## DATASET ENTRIES
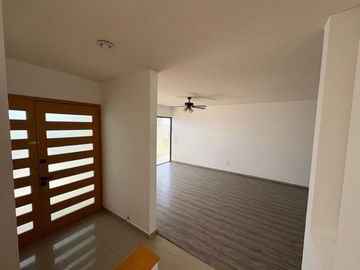 Casa en VENTA en Fracc. Tejeda | Amplio Terreno de 400 m², Jardín, Terraza y Excelente Ubicación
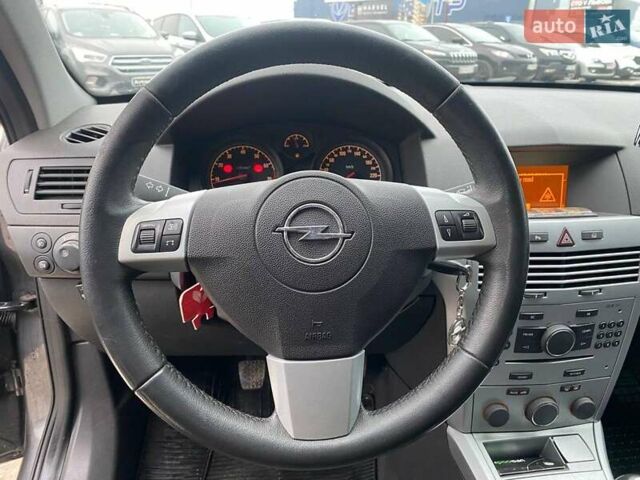 Серый Опель Астра, объемом двигателя 1.6 л и пробегом 192 тыс. км за 6290 $, фото 12 на Automoto.ua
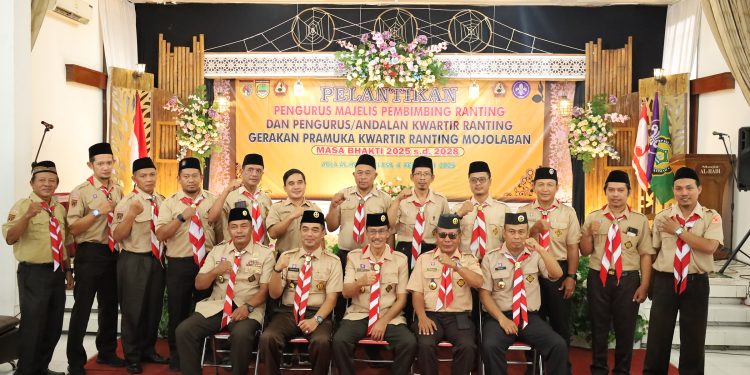 Siap Emban Amanah, Kwarcab Sukoharjo Lantik Mabiran dan Pengurus Kwartir Ranting Mojolaban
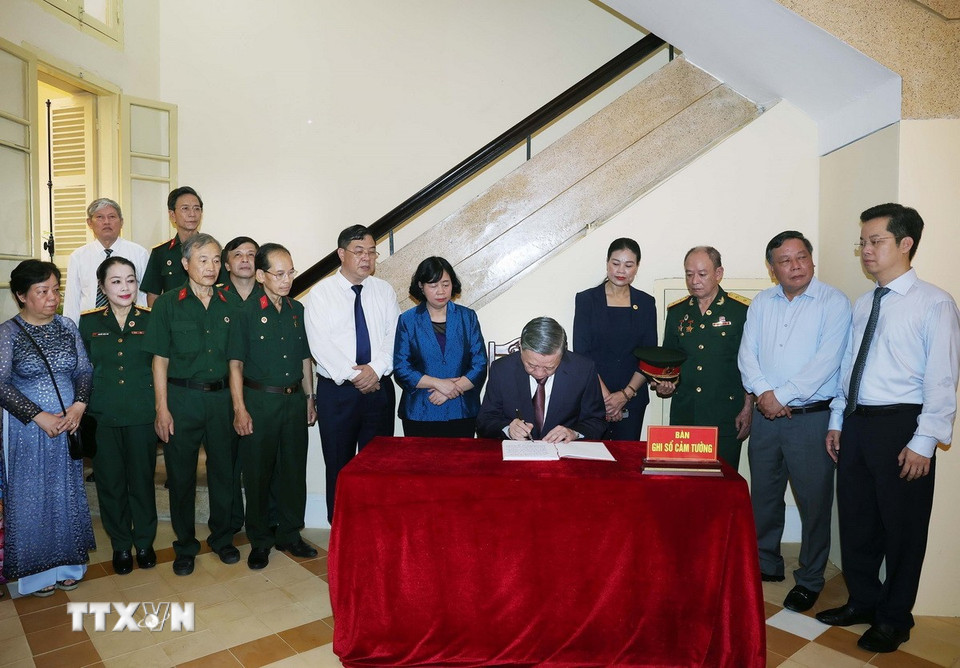 Tổng B&iacute; thư T&ocirc; L&acirc;m d&acirc;ng hương tại nơi Chủ tịch Hồ Ch&iacute; Minh viết Tuy&ecirc;n ng&ocirc;n Độc lập- Ảnh 13.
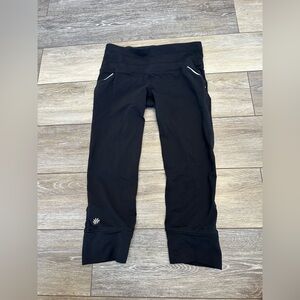 Athleta Relay Capri Leggings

## TASK
Print the material above exactly, skipping its images.

## ANSWER SPACE
 Casa en VENTA en Fracc. Tejeda | Amplio Terreno de 400 m², Jardín, Terraza y Excelente Ubicación
 Серый Опель Астра, объемом двигателя 1.6 л и пробегом 192 тыс. км за 6290 $, фото 12 на Automoto.ua
 Siap Emban Amanah, Kwarcab Sukoharjo Lantik Mabiran dan Pengurus Kwartir Ranting Mojolaban
 Tổng B&iacute; thư T&ocirc; L&acirc;m d&acirc;ng hương tại nơi Chủ tịch Hồ Ch&iacute; Minh viết Tuy&ecirc;n ng&ocirc;n Độc lập- Ảnh 13.
 Athleta Relay Capri Leggings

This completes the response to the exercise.